"Le cinéma américain, c'est les émotions" : rencontre avec Emma Benestan au 50e Festival de Deauville

"Le cinéma américain, c'est les émotions" : rencontre avec Emma Benestan au 50e Festival de Deauville

Emma Benestan, cinéaste franco-algérienne et figure de la nouvelle génération du cinéma français, fait partie du Jury de la Révélation du 50e Festival de Deauville. On l'a rencontrée pour qu'elle nous raconte "son" cinéma américain, son attachement aux "territoires" dans les films et aussi quel a été son rôle, décisif, pour un des meilleurs films français de 2023 : "Chien de la casse".

L'irrésistible ascension d'Emma Benestan

N'ayons pas peur des mots : Emma Benestan est très belle et en impose. Sa grande taille la fait haute, même assise sur un canapé d'une chambre de l'hôtel Normandy de Deauville, transformée en salon à l'occasion de cet entretien. Ses longs cheveux noirs ondulés, comme ses yeux tout aussi noirs, ont cette grâce méditerranéenne et son visage la finesse des traits d'une statue grecque. On se dit alors que la scénariste et réalisatrice franco-algérienne, née en 1988 à Montpellier et auteure des longs-métrages Fragile et Animale, aurait pu être à l'image, être actrice. Mais c'est bien derrière la caméra qu'elle se fait un nom. Et si ce nom n'est pas encore très connu du grand public, ce n'est plus qu'une question de temps avant qu'il ne soit sur toutes les bouches.

Emma Benestan sur le tournage d'Animale
Emma Benestan sur le tournage d'Animale ©Julien Coquentin

Membre du Jury de la Révélation de cette 50e édition du Festival du Cinéma américain de Deauville, nous tenions à la rencontrer pour en savoir un peu plus sur son cinéma, son travail avec Abdellatif Kechiche pour qui elle a notamment monté Mektoub, My Love : canto uno. Mais aussi parce que, entrée dans le cinéma après des études de montage à la Fémis, elle est très active dans les coulisses de cette industrie, où c'est dans une dynamique collective qu'elle a commencé à relire les scénarios de ses amis, avant de se mettre elle-même à l'écriture. Sans elle, peut-être que Chien de la casse de son ami Jean-Baptiste Durand - elle en est co-scénariste et a provoqué la rencontre entre le réalisateur et Raphaël Quenard - n'aurait pas été ce film magnifique, César du Meilleur premier film et César de la Meilleure révélation masculine 2024.

Vous faites partie pour la 50e édition du Festival de Deauville du Jury de la Révélation. Quelle est votre relation au cinéma américain, qu'on célèbre ici ?
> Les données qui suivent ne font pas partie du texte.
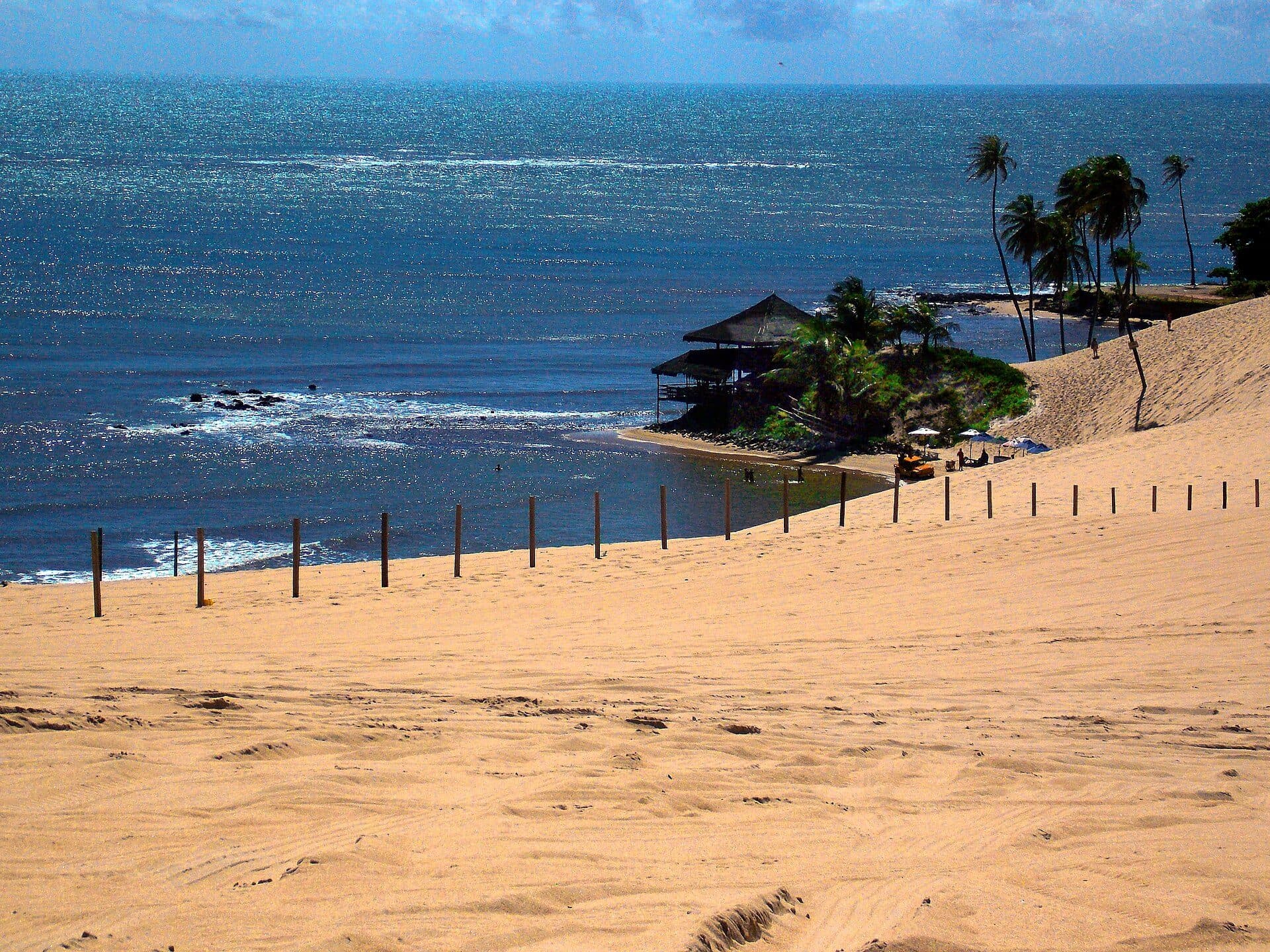 Vista da Praia de Genipabu no litoral de Natal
Emma Benestan : Je vais présenter ici mon film fétiche, celui qui m’a donné envie de faire du cinéma : Imitation of Life (Mirage de la vie en VF) de Douglas Sirk. J’ai été bercé par le cinéma américain, mon père regardait beaucoup de westerns et de grands mélos, donc Douglas Sirk et les westerns de John Ford. Le cinéma américain est donc le début de ma cinéphilie. C’est le rêve, les émotions, les aventures et le grand spectacle. Et en même temps ce sont aussi des histoires sur la question de l’identité.
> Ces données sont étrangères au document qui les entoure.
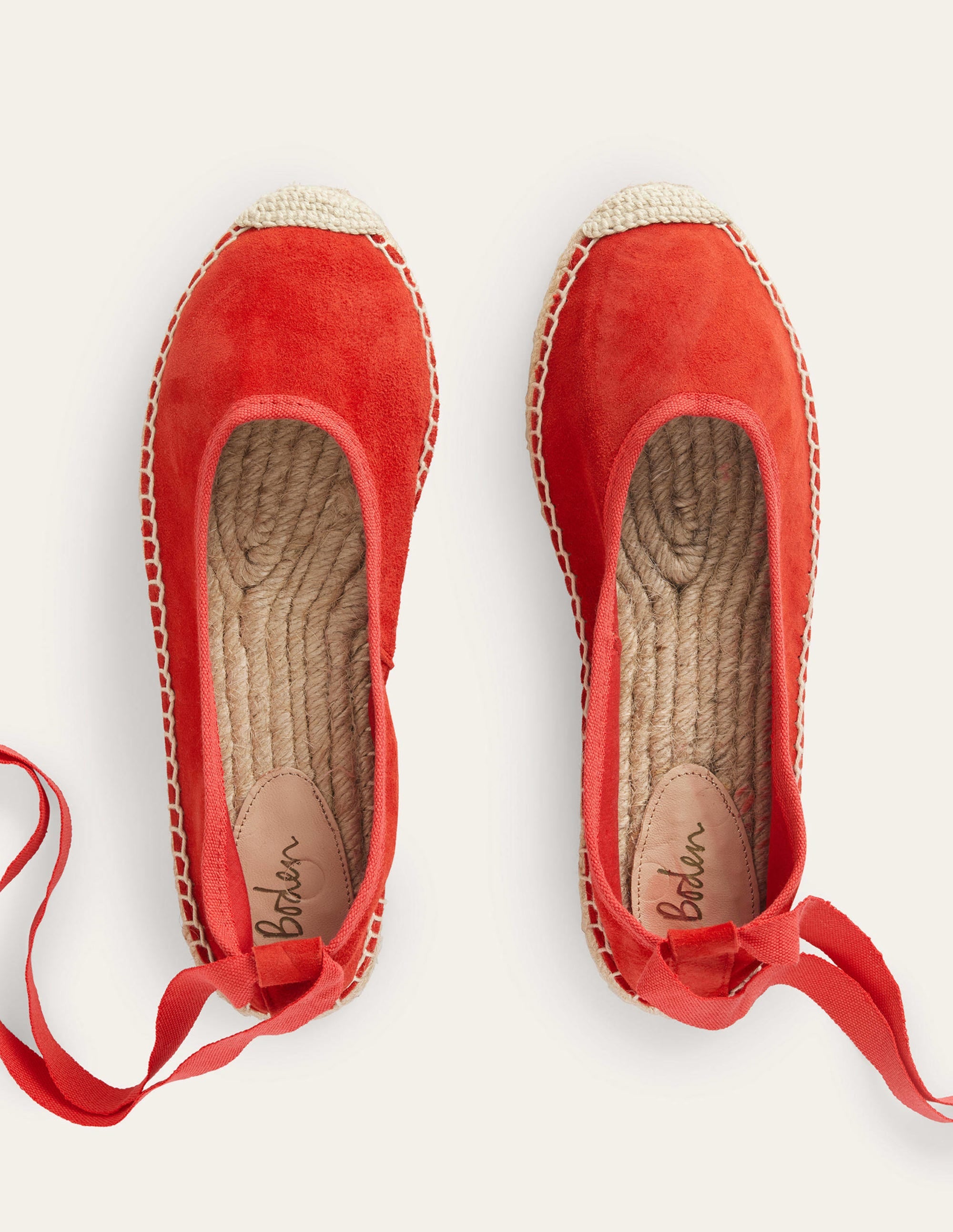 Espadrilles mit Knöchelriemchen-Zinnober - Image 5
Qui on est, à quelle place on est ? Je trouve hyper impressionnant comment le cinéma américain s’empare de ces questions avec beaucoup d’ambivalence et de force.
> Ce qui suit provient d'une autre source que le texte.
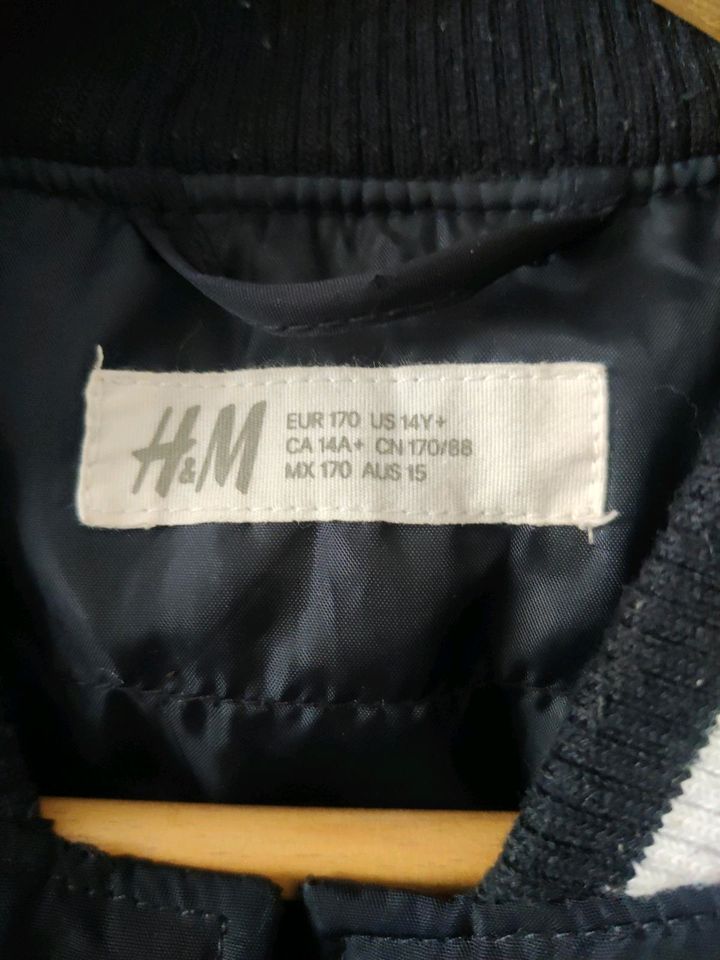 H&M Jacke "NY" - dunkel blau - Größe 170 in Enger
Moi, en tant que franco-algérienne, ce cinéma me parle particulièrement. C’est un cinéma qui représente la diversité à l’écran, sans que ce soit pour autant le sujet. C’est aussi ce que j’essaye de faire dans mon cinéma. Voir Will Smith dans les grandes plaines, ou Morgan Freeman dans Robin des Bois, c’est ce que fait le cinéma américain, voir des grands personnages issus de la diversité. Je pense que dans Animale comme dans Fragile... J’ai toujours voulu ça dans mon cinéma. La diversité n’est pas le sujet, et c’est en ça que je crois que c’est politique.

Fragile
Fragile ©Haut et Court

C'est une position qui rapproche votre cinéma de celui d'Abdellatif Kechiche, avec qui vous avez beaucoup travaillé.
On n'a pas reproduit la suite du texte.